No wonder Jane is such a boring person. She hangs out with the most boring people imaginable. Even when one friend has a bridal party, interestingly called a hen-do, the women travel out-of-town and proceed to drink themselves silly for a weekend, expressing joy over the approaching wedding. One friend, Natasha, gets so drunk that she invites a young man to accompany her to the ladies’ room. Her friends are horrified, but somehow this action doesn’t appear to be the first time and won’t be the last.
Jane’s friends, and even her mother, begin mentioning how long it has been since Jane had a boyfriend, so she starts to give it serious consideration. After all, she needs a date for the wedding. Her mother’s neighbor, Dan, has recently broken up with his girlfriend, and according to her mother, Jane should give him the chance to prove himself boyfriend material.
The following week, pondering the attractiveness of Dan, she sees him on the sidewalk near her work. She stares. Then she notices Dan with a bunch of coworkers at her favorite drinking hole. He doesn’t see her and she decides not to call attention to herself by speaking to him. What if he doesn’t know who she is? Her friends egg her on, but Jane figures she needs to think about this for a while more. As she thinks on what to do, she does nothing.
This book was slow. The only reason I kept reading is that I found the British expressions fascinating. Some of the phrases are definitely different: totally cheesed off, feeling a bit knackered, wardrobe full of natty dresses, make a pot noodle for lunch, hen-do, etc. These make Americanisms sound down-right dull. I think the hardest part was slogging through all the drinking and the hangover headaches. They were in abundance. So, I find myself wanting to read more of these fun and interesting expressions, but in a different subject matter.

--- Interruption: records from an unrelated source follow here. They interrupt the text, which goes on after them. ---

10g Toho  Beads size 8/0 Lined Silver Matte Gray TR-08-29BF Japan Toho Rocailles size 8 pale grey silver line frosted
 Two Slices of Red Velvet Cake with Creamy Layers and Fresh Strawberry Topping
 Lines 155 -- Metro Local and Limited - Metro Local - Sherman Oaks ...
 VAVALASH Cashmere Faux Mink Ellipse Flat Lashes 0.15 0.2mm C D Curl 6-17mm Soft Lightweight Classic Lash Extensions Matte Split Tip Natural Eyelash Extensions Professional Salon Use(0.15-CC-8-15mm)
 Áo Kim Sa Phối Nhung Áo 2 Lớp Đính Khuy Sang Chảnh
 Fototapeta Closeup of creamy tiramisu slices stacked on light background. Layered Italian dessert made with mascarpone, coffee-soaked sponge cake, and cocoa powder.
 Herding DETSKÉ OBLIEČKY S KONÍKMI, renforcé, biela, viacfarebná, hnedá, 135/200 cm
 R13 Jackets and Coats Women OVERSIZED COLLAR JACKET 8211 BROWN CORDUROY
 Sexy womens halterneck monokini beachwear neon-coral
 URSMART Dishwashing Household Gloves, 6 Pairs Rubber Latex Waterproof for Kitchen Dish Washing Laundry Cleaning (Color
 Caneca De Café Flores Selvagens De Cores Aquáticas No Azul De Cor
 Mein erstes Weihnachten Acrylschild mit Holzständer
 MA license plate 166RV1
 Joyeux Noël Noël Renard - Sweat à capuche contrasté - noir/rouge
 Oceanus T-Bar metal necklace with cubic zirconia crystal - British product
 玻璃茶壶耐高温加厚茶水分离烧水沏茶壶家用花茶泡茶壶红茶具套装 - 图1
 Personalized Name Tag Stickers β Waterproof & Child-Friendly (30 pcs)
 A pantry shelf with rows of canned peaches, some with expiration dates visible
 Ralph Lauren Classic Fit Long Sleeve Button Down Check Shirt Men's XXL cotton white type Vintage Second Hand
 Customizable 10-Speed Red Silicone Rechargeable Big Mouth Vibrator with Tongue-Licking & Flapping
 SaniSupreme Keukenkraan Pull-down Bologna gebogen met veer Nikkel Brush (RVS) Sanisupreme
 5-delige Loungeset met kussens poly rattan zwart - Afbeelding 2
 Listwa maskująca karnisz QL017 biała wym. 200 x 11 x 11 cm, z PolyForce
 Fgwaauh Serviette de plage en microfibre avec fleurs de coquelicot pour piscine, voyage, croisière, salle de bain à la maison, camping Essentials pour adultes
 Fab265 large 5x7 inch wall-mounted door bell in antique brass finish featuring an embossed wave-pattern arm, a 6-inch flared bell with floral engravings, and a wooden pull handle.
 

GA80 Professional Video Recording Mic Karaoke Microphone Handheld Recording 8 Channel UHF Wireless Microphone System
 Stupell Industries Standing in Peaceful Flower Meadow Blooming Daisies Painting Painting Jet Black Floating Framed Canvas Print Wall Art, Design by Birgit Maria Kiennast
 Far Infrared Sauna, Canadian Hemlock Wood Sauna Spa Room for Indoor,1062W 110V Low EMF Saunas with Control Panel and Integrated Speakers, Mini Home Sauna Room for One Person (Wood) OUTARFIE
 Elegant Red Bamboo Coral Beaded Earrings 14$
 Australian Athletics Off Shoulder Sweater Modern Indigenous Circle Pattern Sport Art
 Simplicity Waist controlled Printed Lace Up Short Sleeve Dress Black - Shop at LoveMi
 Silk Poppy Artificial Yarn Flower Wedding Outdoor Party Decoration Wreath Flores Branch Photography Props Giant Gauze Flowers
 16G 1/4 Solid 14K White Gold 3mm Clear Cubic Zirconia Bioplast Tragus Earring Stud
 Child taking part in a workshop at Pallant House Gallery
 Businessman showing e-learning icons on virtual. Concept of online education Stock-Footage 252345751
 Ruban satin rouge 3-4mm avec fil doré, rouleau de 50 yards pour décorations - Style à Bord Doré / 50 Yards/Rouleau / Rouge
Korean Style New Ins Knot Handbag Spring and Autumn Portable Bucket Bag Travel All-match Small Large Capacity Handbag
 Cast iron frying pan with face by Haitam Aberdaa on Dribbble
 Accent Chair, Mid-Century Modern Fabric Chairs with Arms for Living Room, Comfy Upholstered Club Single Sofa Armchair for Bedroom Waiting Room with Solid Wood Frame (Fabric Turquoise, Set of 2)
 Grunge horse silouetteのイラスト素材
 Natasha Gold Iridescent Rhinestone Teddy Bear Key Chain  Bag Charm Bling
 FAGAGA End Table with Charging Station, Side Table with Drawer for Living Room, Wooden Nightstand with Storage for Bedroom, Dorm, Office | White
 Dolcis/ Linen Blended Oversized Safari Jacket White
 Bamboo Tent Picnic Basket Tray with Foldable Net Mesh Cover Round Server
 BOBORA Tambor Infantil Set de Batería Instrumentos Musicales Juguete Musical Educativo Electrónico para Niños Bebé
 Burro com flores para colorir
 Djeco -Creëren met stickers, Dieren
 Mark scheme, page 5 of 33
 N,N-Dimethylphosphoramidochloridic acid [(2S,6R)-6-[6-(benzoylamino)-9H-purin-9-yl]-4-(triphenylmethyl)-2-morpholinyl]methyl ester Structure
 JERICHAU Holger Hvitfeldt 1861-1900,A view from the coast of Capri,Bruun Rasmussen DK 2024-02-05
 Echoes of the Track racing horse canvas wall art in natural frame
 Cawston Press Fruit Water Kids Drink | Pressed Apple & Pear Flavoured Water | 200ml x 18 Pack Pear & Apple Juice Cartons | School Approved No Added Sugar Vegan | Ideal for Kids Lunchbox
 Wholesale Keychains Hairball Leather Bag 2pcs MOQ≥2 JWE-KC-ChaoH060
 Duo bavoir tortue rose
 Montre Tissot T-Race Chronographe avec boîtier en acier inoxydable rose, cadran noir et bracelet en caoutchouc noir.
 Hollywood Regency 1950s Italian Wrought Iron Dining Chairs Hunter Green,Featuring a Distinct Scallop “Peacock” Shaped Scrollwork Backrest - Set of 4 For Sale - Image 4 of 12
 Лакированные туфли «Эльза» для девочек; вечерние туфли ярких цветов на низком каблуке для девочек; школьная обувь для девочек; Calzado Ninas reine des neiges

- Genre and general reading age – Contemporary. The reading age is difficult. I don’t think it would hold a teen’s attention.
- Level of sexuality – Very little.
- Is there graphic language? Yes, but it has to be read in context, otherwise you may wonder what the gist of ‘that!’ was.
- Did I cry? No.
- Did I laugh? No, but occasionally I smiled internally.
- Is this part of a series? I haven’t heard of a sequel, but it has the best cliffhanger ever!
- Level of character development – What you see is what you get.
Due to the incredible cliffhanger, I give this ⭐️⭐️⭐️ stars.
1 thought on “Jane of Manchester by J.G. Dow”
The author just asked me to read this, and I’m not sure if I should. I’m not big on chick-lit, particularly when a man is the author… Thanks for this review.